5. Jean-Marie Gauvreau, Le problème de l’artisanat dans la Province de Québec. Étude présentée au ministère de l’Industrie et du Commerce, avril 1942, BAnQ, Fonds Jean-Marie Gauvreau, MSS2/2/6, [152 p.], p. 138.
6. C’est ce terme qu’on trouve dans la documentation de l’entente signée avec le gouvernement.
7. Archives de la Côte-du-Sud (ACS), Fonds Jean-Julien Bourgault, F215/9/1 « Mémoire de convention ». L’année 1940 est indiquée mais pas la date exacte.
8. Il sera détruit en octobre 2016 : https://medardbourgault.org/2016/12/19/un-symbole-sen-est-alle/ consulté le 26 février 2021.
9. Né à Saint-Roch-des-Aulnaies, Paul-Émile Caron s’installera à Saint-Jean-Port-Joli quand il quittera l’atelier de Médard et Jean-Julien.
10. L’Action catholique, 20 décembre 1940. ACS, F100, Fonds Collège de Sainte-Anne.
11. L’Action catholique, 16 mai 1941. ACS, F100, Fonds Collège de Sainte-Anne.
12. Ils ont été conservés par André-Médard Bourgault, fils de Médard.
13. ACS, Fonds Médard Bourgault, F050/1/10, Correspondance, 1942.
14. ACS, F050/4/3, Cahier « Travail de 1950 » avec des notes datées, antérieures à 1950.
15. MMV, Entrevue de Jocelyn Caron par Jean-François Blanchette, 3 juin 2016. L’entreprise passera aux mains de son fils Jocelyn en 1966 et c’est un tout nouveau pan de l’histoire qui s’ouvrira.
16. MMV, Entrevue de Denis Dubé par Jean-François Blanchette, 30 septembre 2016.
Image à la une : Dessins des apprentis de l’atelier-école de sculpture. De g. à d., dessin de Trefflé Picard, 10 mai 1941, de Robert Matton, 5 avril 1941 et de Paul-Émile Caron, sans date. Collection André-Médard Bourgault.
8 commentaires
Merci pour l’histoire des artistes sculpteurs du bas du fleuve Saint-Laurent..
Very interesting background. I recently obtained a P. E. Caron lamp in very good condition. My curiosity was peeked when I read “Some experts feel that Paul-Émile was the artistic equal of the Bourgault brothers, as he carved from life stories.” I had no idea the important history of the Bourgault brothers … now my curiosity is peeked further!
Paul-Emile Caron was an apprentice of Medard Bourgault and Jean-Julien Bourgault between 1940 and 1942. He opened his own shop later and became an excellent carver.
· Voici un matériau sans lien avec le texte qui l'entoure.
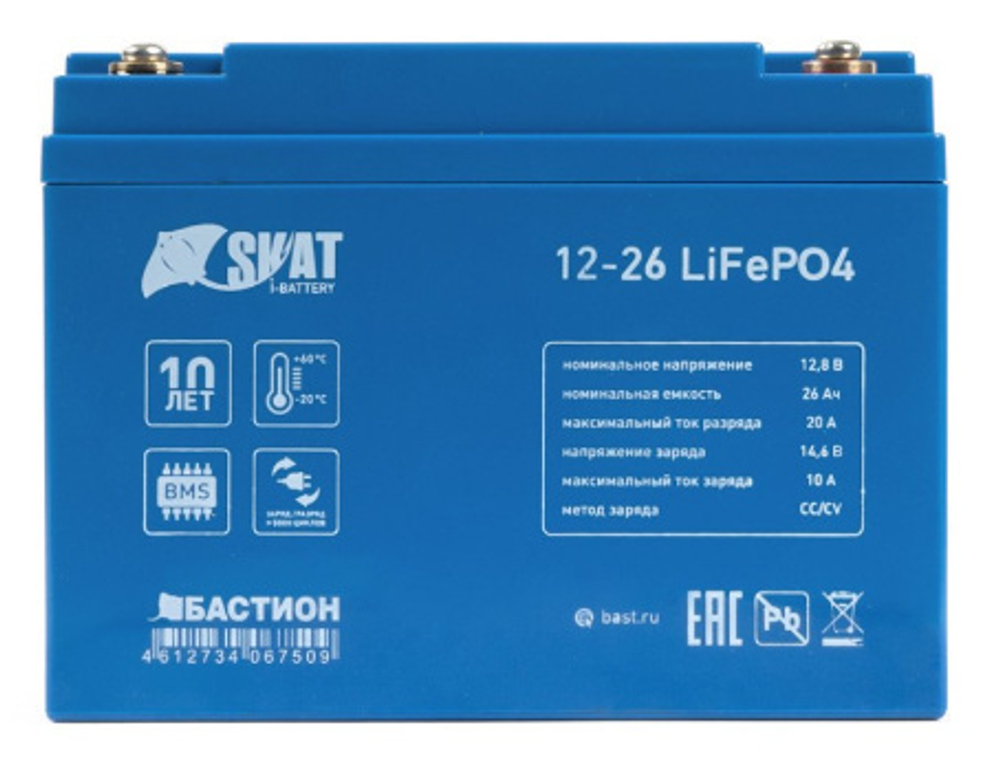 Аккумулятор Бастион Skat i-Battery 12-26 LiFePo4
An excellent article. Superbe! Merci Jean-Francois. Gauvreau was tireless in promoting the schools and the artists they produced and encouraged.
Thank you Lyle. En effet, Jean-Marie Gauvreau a soutenu les Bourgault pendant toute leur carrière et il est intervenu à plusieurs reprises pour les aider dans leurs contacts avec diverses instances gouvernementales, tant à Québec qu’à Ottawa.
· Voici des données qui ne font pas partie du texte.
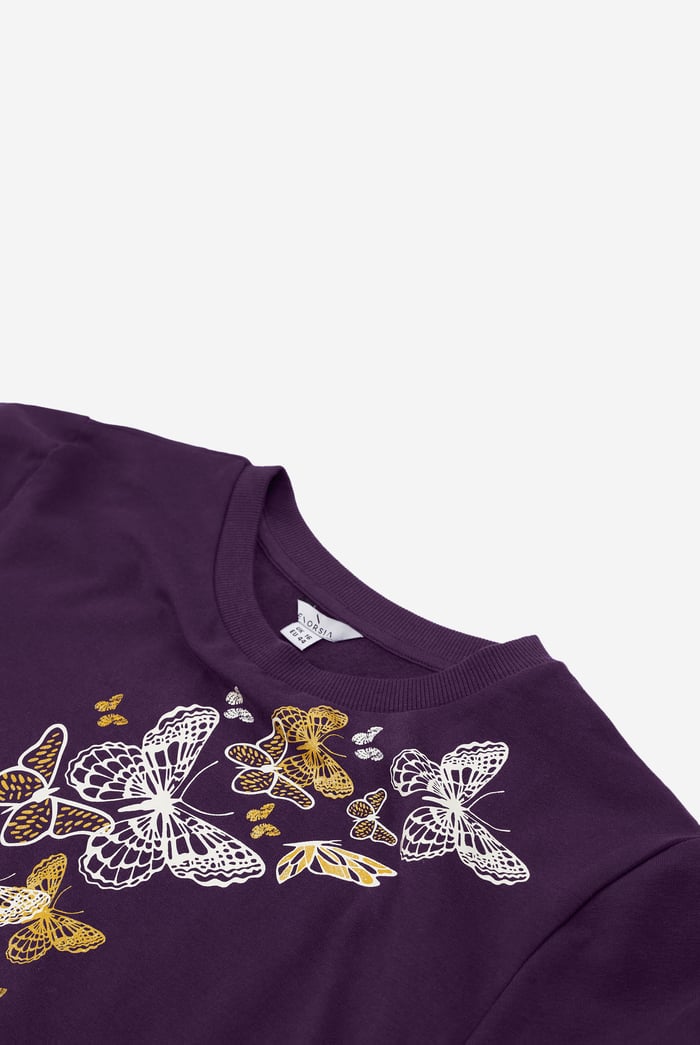 Womens Butterfly Print Sweatshirt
Une école de courte durée en pleine période de guerre, ceci peut expliquer cela puisque la conscription [Après la défaite de la France en juin 1940, le Parlement vota la Loi sur la mobilisation des ressources nationales, qui introduisait la conscription mais seulement pour le service au Canada: [https://www.museedelaguerre.ca/cwm/exhibitions/chrono/1931conscription_f.html] mobilisait une partie de la jeunesse.
La boutique ANRI existe toujours et est située depuis1937 à : Place Antonius, 122
I‑39046 Ortisei / Val Gardena — Italie [https://www.anrishop.com/en/about.asp]
Merci, Philippe, pour ces judicieux commentaires.
Il y eut création de plusieurs ateliers-écoles d’artisanat à travers le Québec entre 1940 et 1942, grâce à l’intervention de Jean-Marie Gauvreau et aux subventions pour aider à former des jeunes et leur donner de l’ouvrage. En 1942, ces ateliers ne reçoivent plus d’aide, sauf s’ils sont reliés aux efforts de guerre. Par ailleurs, en 1944, les subventions sont de retour pour les vétérans qui veulent apprendre un métier, comme ce fut le cas pour certains apprentis d’André Bourgault.
Quant à la maison ANRI, elle produit toujours en effet toute une variété de sculptures sur bois.
Merci JFB pour le suivi, sujet vraiment passionnant à la croisée de l’histoire économique, touristique et culturelle.